Resolução: o óleo impede a aderência da tinta. Sem desengraxe prévio, a tinta descasca em pouco tempo. O passo obrigatório antes de qualquer tratamento é sempre a limpeza e o desengraxe da superfície.

2. Que tratamento se aplica a uma peça de alumínio que vai ficar exposta ao ar livre e precisa manter uma cor específica?

Resolução: anodização, o único processo desta UC próprio para alumínio, que espessa a camada de óxido e permite fixar cor de forma duradoura.

3. Uma ferramenta foi temperada mas parte ao primeiro uso. O que faltou?

Resolução: faltou o revenimento. A têmpera sozinha torna o aço duro mas frágil; o revenimento devolve tenacidade sem perder toda a dureza ganha.

4. Um aluno quer decapar uma peça pequena num espaço fechado, sem ventilação, "só por dois minutos". Que respondes?

Resolução: não deve fazê-lo. Mesmo em pouco tempo, os vapores de ácido acumulam-se num espaço sem ventilação, e o EPI individual não substitui a exaustão do ambiente.

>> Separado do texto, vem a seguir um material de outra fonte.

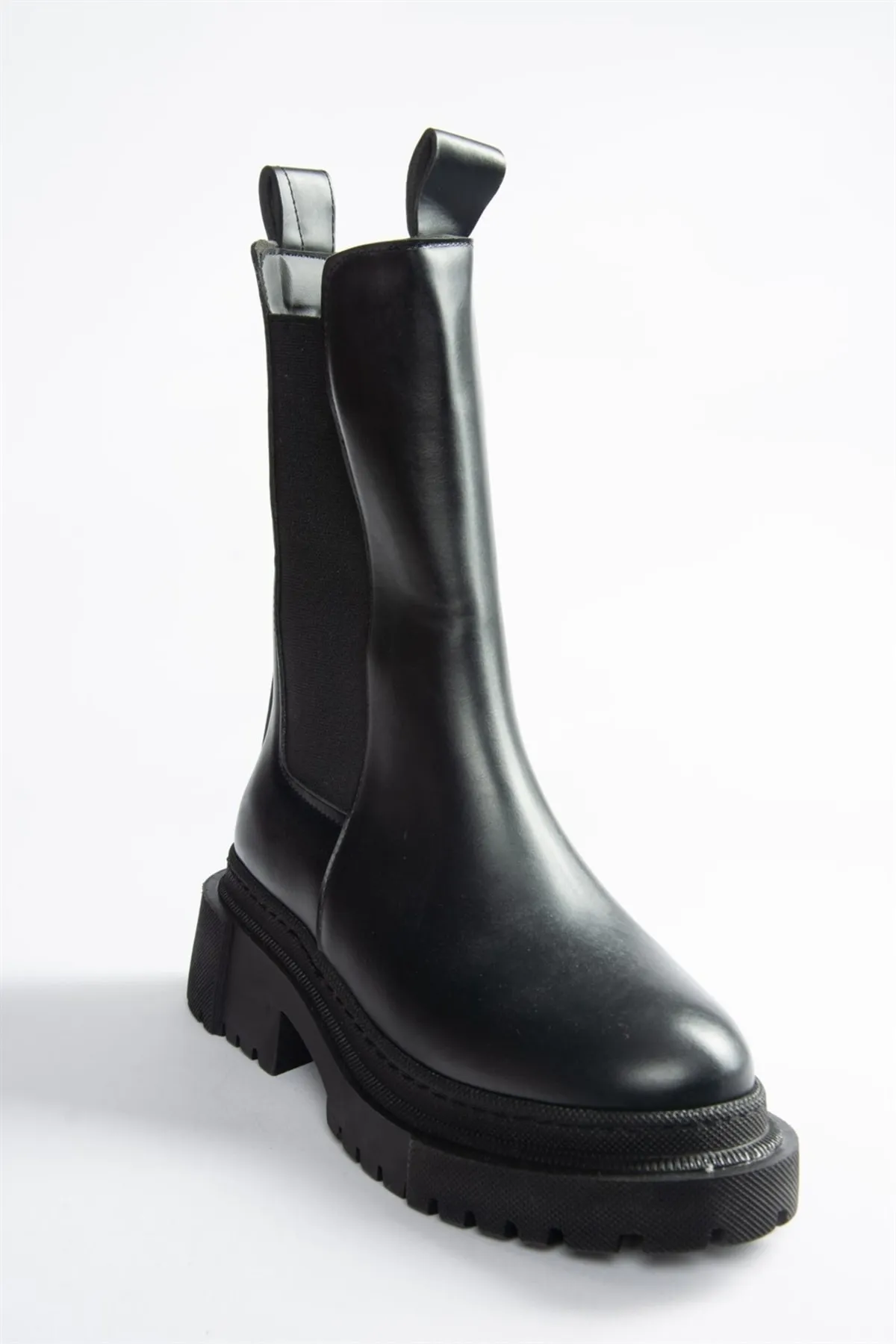 Fox Shoes  Schwarze Daily-Damenstiefel mit dicker Sohle N280349009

5. Uma peça de latão vai a polimento, mas ainda tem riscos visíveis de uma lixa de grão grosso. O que acontece se se polir assim?

Resolução: o polimento realça os riscos em vez de os esconder. É preciso completar a sequência de lixas de grão cada vez mais fino antes de passar ao disco de polimento.

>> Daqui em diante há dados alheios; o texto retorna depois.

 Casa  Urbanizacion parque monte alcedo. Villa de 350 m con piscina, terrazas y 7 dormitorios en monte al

6. Uma peça de cobre vai ser exposta numa galeria de arte e o artesão quer uma coloração esverdeada envelhecida, em vez do cobre brilhante. Que técnica usa e que atitude é mais exigida?

Resolução: a técnica é a patinação, aplicada de forma uniforme e controlada para reproduzir o efeito do tempo. A atitude mais exigida é o autocontrolo, para não exagerar o produto e perder o equilíbrio estético da peça, e o sentido criativo, para decidir a intensidade certa do efeito.

7. Um aluno decapa uma peça, lava-a mas não a neutraliza antes de aplicar o primário. Semanas depois, a tinta começa a levantar em bolhas. Explica a causa.

Resolução: ficou resíduo ácido na superfície mesmo depois da lavagem simples. Sem neutralização, o ácido continua a reagir com o metal por baixo da camada de primário, gerando gases e bolhas. A decapagem tem sempre de terminar em neutralização e lavagem completa antes de qualquer camada seguinte.